Voyeur To Be
Okay, I have to keep everything in perspective, or I'm going to just DIE. As a lawyer, I wanted to be a part of team. A team that did innovative and exciting things. The image I pictured had me holding a map. The map had a legend that explained the (legal) system. The driver (and passengers) would be my client(s). The client was rather faceless. Wind whipped around our the round and smooth contour of our sportscar. The window was rolled down and we were driving up a winding road, or through green valleys full of jasmines, violets, and purple daisies. Smiling, concentrating, and sometimes just plain giggling at our scene. I used the map to navigate; tell my client where the speed traps lie, or where the bridge might be out, or when we could expect flat, copless, plains and drive as fast as we want -- you know legal stuff. (I have no idea what you're thinking.)
I have no idea what you're thinking. I saw my life. I would love going to work and my work wouldn't just be a job. Then, my reality, then I tried adjusting and adapting.
Then it came to me. Lawyers are paper pushing voyeurs. As a lawyer, I had to accept that about my profession. I did accept that perception of my reality. Quickly, I began to feel oppressed. The papers in my office became unruly and like the average American's waistline they began to expand. My two-window pane office began to topple in on itself from the bulge. The map had to be destroyed. I needed to tell a different story of being. (My story involves crackhead neighbors, winos, a father in prison, and big boobs. In my story I know cheese, Napa, which side is counsels' bar, and inner beauty.)

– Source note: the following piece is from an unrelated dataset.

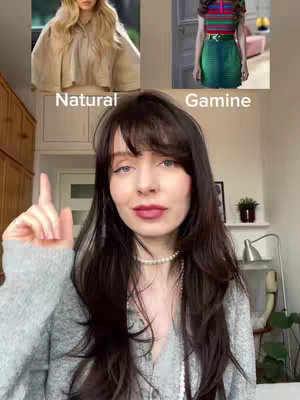 A woman points upwards with her right index finger, set against a background with two fashion style images: one of a woman wearing a neutral-colored outfit and the other of a woman modeling a colorful top and skirt. The frame is filled with the creator's face, with the words "Natural" and "Gamine" labeling each style image.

Now I'm on this weird kind of pathless journey. Will I be brave enough? Will I express or find my version of the truth? Will I be one of those people who will fall for everything because I had no 10-year plan or tangible assets to speak of? Will I remember the binding effect of comfort and comfortable? Will I find love and accept it? Will I listen to my inner voice? Will I keep my ego at bay? Will I grow spiritually, and have fun along the way? Oh, god, yes.